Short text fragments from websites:

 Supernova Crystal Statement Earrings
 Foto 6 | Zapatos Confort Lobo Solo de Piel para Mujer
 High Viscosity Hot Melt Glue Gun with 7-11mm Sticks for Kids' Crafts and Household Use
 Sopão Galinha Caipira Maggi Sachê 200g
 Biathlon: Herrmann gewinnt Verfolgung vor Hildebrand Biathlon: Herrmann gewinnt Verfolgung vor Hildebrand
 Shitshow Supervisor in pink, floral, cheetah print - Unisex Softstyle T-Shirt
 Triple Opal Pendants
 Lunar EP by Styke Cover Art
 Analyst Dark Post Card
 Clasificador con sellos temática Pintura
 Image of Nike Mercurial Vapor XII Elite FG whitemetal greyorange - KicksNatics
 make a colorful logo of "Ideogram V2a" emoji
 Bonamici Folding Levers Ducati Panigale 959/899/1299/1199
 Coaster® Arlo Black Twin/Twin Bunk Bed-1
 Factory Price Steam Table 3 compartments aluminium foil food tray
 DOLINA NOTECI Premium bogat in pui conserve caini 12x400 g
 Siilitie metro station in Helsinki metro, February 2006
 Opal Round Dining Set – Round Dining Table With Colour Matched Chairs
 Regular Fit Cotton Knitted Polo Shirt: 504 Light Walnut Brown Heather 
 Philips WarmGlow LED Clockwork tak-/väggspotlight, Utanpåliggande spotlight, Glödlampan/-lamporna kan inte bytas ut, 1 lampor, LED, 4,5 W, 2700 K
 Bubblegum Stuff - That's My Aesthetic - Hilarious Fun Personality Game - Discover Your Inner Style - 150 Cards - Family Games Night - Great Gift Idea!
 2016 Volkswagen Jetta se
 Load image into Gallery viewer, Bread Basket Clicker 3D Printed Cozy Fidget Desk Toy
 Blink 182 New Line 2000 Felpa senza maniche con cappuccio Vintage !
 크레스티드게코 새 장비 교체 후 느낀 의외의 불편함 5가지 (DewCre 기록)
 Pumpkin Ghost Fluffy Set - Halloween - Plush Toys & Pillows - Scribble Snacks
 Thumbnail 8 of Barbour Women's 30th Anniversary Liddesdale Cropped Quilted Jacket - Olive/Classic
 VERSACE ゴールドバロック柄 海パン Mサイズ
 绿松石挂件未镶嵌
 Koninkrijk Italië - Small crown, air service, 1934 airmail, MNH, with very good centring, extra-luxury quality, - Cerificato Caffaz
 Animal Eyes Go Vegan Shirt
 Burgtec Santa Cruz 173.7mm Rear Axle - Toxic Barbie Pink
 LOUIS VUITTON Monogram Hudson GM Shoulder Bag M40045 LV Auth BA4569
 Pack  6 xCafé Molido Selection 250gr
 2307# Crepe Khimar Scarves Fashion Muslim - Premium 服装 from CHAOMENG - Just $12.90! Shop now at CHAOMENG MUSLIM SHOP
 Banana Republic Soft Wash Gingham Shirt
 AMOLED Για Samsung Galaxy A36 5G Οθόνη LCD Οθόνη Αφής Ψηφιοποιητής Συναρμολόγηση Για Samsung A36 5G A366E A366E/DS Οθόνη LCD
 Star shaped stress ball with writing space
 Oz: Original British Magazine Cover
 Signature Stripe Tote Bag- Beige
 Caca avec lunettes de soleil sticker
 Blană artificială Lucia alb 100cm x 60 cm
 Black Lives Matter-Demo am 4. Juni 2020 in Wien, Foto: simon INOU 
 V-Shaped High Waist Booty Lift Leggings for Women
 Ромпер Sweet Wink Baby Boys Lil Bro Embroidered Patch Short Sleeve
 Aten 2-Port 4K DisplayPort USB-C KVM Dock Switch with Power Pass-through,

*Your assignment*:
Please transcribe the data exactly from its first line. End with the line that contains "Pumpkin Ghost Fluffy".

*Answer section*:
 Supernova Crystal Statement Earrings
 Foto 6 | Zapatos Confort Lobo Solo de Piel para Mujer
 High Viscosity Hot Melt Glue Gun with 7-11mm Sticks for Kids' Crafts and Household Use
 Sopão Galinha Caipira Maggi Sachê 200g
 Biathlon: Herrmann gewinnt Verfolgung vor Hildebrand Biathlon: Herrmann gewinnt Verfolgung vor Hildebrand
 Shitshow Supervisor in pink, floral, cheetah print - Unisex Softstyle T-Shirt
 Triple Opal Pendants
 Lunar EP by Styke Cover Art
 Analyst Dark Post Card
 Clasificador con sellos temática Pintura
 Image of Nike Mercurial Vapor XII Elite FG whitemetal greyorange - KicksNatics
 make a colorful logo of "Ideogram V2a" emoji
 Bonamici Folding Levers Ducati Panigale 959/899/1299/1199
 Coaster® Arlo Black Twin/Twin Bunk Bed-1
 Factory Price Steam Table 3 compartments aluminium foil food tray
 DOLINA NOTECI Premium bogat in pui conserve caini 12x400 g
 Siilitie metro station in Helsinki metro, February 2006
 Opal Round Dining Set – Round Dining Table With Colour Matched Chairs
 Regular Fit Cotton Knitted Polo Shirt: 504 Light Walnut Brown Heather 
 Philips WarmGlow LED Clockwork tak-/väggspotlight, Utanpåliggande spotlight, Glödlampan/-lamporna kan inte bytas ut, 1 lampor, LED, 4,5 W, 2700 K
 Bubblegum Stuff - That's My Aesthetic - Hilarious Fun Personality Game - Discover Your Inner Style - 150 Cards - Family Games Night - Great Gift Idea!
 2016 Volkswagen Jetta se
 Load image into Gallery viewer, Bread Basket Clicker 3D Printed Cozy Fidget Desk Toy
 Blink 182 New Line 2000 Felpa senza maniche con cappuccio Vintage !
 크레스티드게코 새 장비 교체 후 느낀 의외의 불편함 5가지 (DewCre 기록)
 Pumpkin Ghost Fluffy Set - Halloween - Plush Toys & Pillows - Scribble Snacks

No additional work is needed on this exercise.